Copy out all lines bearing the word "Villa" from the listing below.

=== Section Start ===

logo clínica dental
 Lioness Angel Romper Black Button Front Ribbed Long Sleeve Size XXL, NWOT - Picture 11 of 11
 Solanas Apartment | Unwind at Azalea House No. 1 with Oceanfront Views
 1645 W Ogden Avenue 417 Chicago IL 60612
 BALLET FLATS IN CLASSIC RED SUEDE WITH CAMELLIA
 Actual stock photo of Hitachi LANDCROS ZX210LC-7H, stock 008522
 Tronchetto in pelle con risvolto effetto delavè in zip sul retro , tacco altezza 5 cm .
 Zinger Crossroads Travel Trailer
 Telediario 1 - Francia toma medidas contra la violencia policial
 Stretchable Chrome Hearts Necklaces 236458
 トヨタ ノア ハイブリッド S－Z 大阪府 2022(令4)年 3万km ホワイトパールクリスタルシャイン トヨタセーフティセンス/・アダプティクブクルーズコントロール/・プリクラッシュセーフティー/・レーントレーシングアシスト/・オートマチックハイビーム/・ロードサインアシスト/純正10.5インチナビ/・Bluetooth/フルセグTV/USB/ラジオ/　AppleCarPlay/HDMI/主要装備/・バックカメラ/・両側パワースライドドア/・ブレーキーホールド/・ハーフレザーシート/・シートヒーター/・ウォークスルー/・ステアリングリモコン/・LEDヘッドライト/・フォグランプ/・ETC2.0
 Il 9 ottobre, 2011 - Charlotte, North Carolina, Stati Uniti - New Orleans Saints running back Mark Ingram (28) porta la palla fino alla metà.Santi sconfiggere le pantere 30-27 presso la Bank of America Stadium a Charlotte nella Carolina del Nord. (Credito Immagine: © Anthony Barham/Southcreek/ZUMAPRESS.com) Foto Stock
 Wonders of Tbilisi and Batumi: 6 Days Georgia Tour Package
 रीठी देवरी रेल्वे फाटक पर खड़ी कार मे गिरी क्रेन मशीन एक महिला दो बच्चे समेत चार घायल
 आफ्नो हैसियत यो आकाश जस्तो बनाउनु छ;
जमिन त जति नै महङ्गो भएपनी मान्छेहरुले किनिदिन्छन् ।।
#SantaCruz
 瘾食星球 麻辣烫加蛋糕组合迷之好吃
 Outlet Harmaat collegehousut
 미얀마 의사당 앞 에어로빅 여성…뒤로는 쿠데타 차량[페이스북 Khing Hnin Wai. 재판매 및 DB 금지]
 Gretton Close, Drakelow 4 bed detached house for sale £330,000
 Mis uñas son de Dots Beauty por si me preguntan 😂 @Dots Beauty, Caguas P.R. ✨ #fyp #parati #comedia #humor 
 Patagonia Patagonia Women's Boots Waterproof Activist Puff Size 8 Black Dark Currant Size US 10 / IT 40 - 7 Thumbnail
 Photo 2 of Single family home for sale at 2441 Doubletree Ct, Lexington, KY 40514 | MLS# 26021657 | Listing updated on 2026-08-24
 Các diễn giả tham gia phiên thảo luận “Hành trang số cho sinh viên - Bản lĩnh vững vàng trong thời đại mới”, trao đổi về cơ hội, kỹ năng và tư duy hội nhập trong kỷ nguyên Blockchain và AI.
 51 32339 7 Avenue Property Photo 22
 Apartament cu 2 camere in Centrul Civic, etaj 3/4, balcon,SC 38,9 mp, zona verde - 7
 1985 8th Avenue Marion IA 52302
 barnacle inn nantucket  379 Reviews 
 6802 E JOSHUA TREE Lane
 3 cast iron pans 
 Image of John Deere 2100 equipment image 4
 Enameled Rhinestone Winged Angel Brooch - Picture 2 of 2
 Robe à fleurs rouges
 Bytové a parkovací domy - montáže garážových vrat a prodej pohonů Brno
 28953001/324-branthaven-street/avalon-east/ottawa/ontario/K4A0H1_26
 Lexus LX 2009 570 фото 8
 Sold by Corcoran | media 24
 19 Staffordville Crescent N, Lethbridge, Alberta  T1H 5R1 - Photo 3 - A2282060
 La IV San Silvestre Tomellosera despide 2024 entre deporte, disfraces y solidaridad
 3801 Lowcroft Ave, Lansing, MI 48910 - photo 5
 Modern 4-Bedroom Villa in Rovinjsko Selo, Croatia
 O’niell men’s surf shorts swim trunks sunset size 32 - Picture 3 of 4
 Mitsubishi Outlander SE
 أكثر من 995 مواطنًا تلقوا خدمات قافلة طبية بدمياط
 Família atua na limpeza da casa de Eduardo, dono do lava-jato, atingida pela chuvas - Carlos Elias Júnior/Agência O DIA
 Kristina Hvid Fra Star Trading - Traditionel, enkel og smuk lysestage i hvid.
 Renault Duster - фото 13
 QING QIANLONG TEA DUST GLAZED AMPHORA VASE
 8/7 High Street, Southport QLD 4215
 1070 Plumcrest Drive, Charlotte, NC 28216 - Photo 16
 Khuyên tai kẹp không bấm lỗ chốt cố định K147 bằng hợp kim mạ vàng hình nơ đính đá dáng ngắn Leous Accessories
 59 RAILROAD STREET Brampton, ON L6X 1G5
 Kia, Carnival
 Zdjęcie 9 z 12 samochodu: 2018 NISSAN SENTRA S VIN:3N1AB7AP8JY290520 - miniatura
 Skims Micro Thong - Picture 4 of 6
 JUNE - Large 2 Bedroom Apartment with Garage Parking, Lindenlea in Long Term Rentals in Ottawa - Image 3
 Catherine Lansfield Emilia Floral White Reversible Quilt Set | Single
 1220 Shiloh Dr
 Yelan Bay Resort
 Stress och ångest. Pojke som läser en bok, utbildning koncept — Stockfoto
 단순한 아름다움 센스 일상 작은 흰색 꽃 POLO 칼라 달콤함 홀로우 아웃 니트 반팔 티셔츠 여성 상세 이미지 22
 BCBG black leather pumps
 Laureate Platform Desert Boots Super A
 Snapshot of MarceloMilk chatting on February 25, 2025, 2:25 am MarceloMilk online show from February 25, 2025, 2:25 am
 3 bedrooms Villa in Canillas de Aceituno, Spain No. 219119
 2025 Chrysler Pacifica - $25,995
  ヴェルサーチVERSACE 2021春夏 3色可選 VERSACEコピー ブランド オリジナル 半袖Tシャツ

=== Section End ===

Problem solution:
 Modern 4-Bedroom Villa in Rovinjsko Selo, Croatia
 3 bedrooms Villa in Canillas de Aceituno, Spain No. 219119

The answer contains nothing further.